# Data provided
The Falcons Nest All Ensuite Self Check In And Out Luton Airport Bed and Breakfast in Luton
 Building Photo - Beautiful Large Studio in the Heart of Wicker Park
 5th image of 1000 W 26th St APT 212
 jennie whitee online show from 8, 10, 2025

==

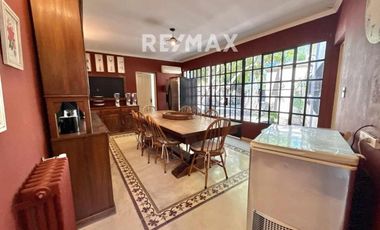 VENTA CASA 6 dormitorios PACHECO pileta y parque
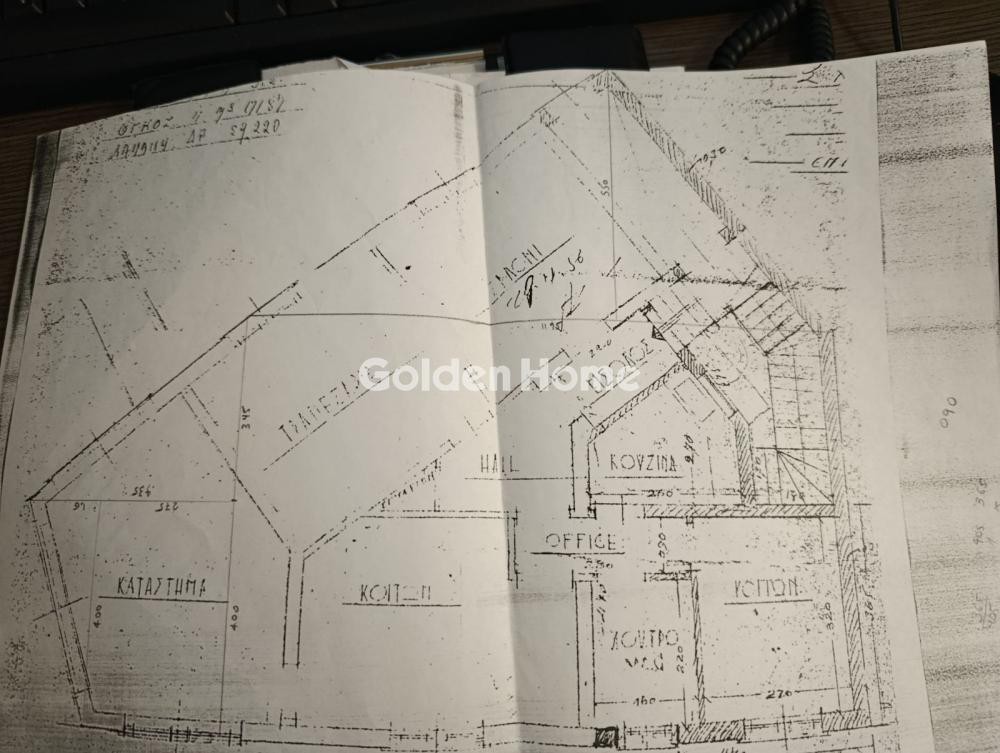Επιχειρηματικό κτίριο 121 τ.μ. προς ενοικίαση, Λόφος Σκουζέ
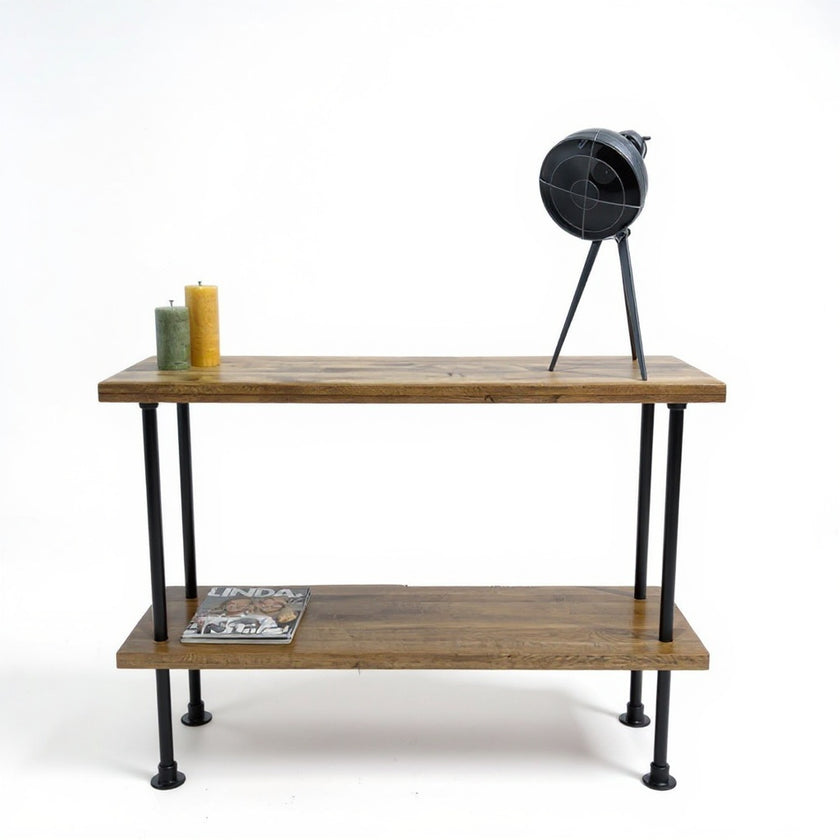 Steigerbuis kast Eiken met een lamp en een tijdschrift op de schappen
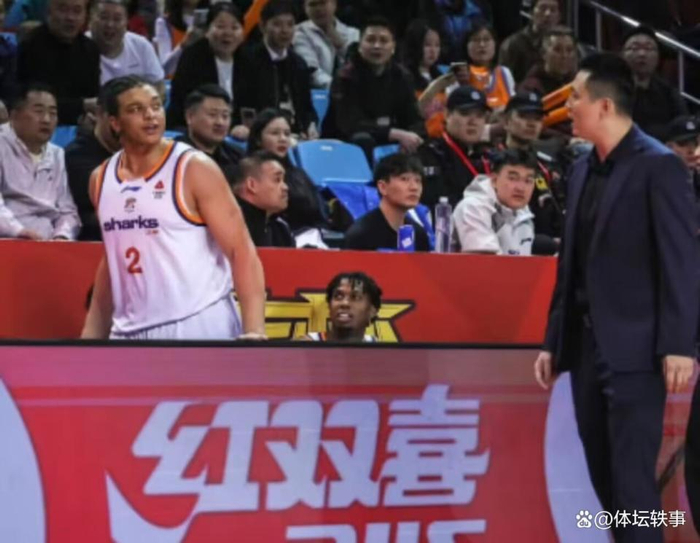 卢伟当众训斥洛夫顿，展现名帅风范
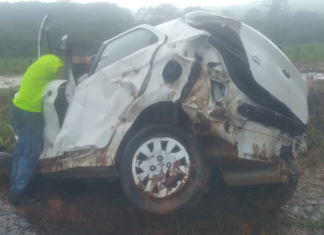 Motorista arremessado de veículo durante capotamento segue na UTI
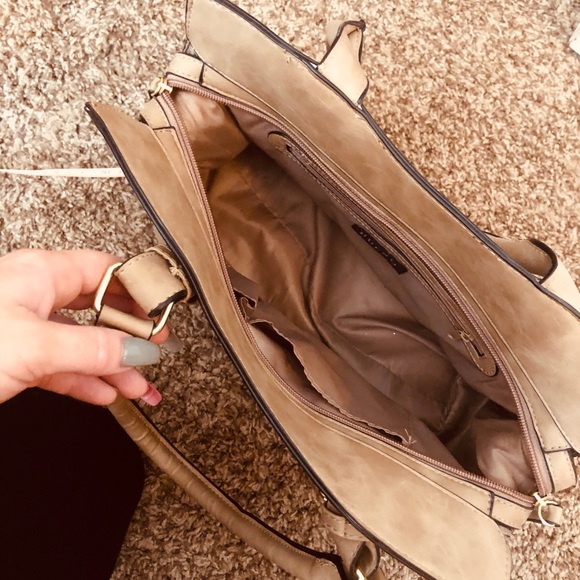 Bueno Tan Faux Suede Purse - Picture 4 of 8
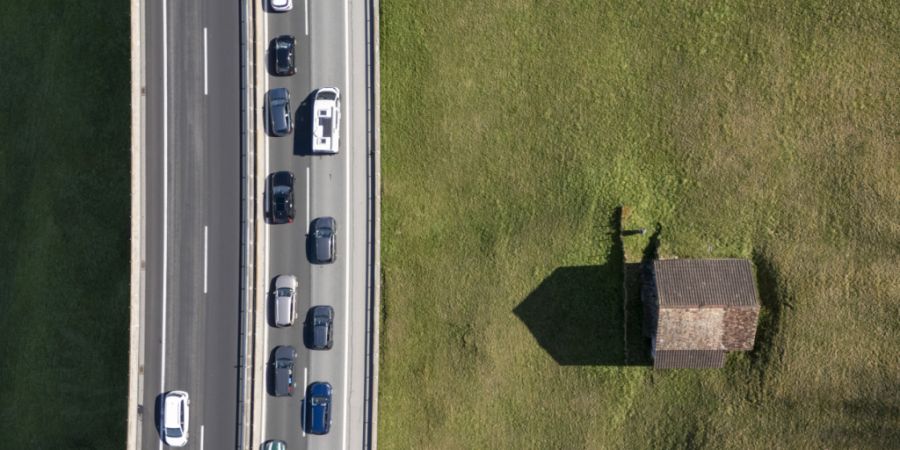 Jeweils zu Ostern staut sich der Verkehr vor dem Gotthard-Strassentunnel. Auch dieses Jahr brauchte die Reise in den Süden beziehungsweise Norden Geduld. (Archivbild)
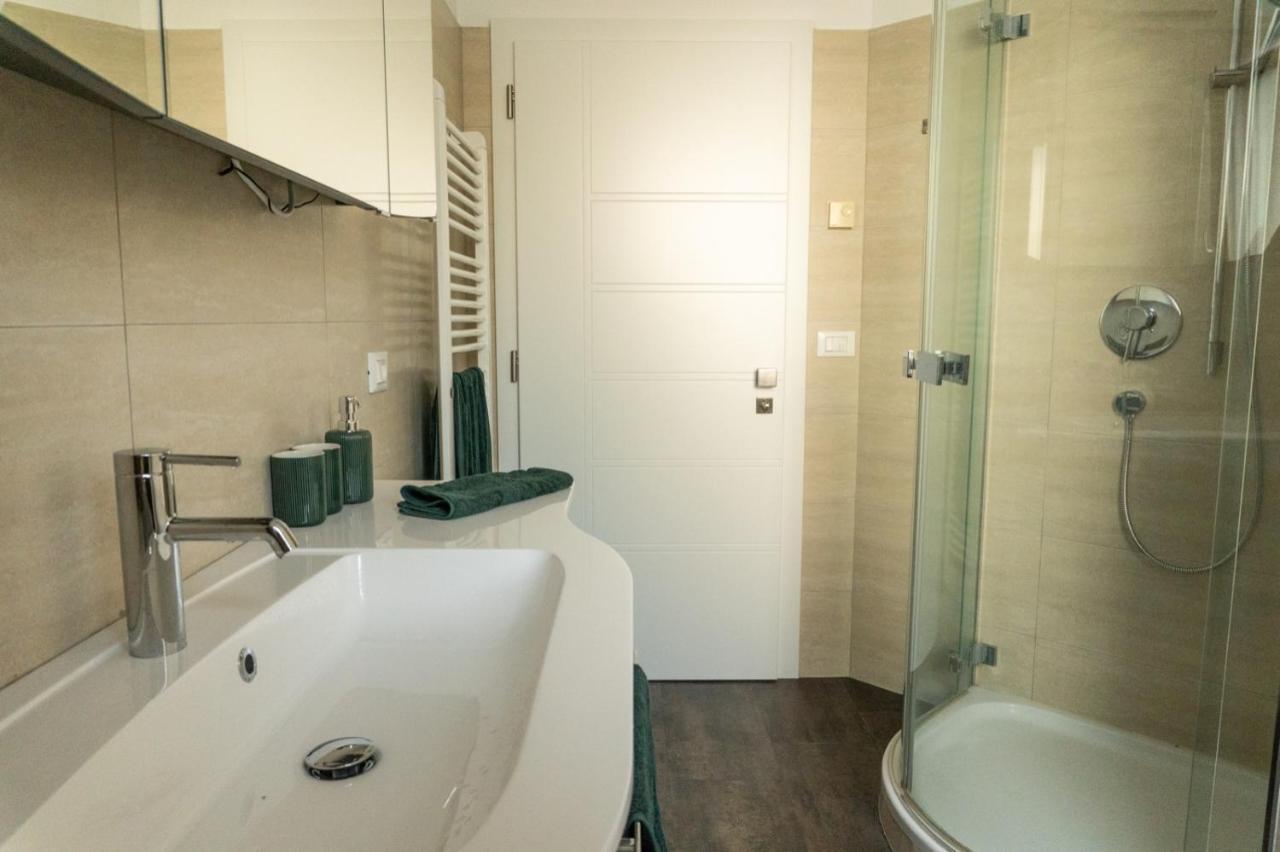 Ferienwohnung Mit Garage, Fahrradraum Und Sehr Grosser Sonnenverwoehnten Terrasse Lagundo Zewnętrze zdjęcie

# Task description
All lines in the data above from the one with "Building Photo - Beautiful" through the one with "jennie whitee online show from 8, 10, 2025" must be repeated exactly, and no others.

# Exercise output
 Building Photo - Beautiful Large Studio in the Heart of Wicker Park
 5th image of 1000 W 26th St APT 212
 jennie whitee online show from 8, 10, 2025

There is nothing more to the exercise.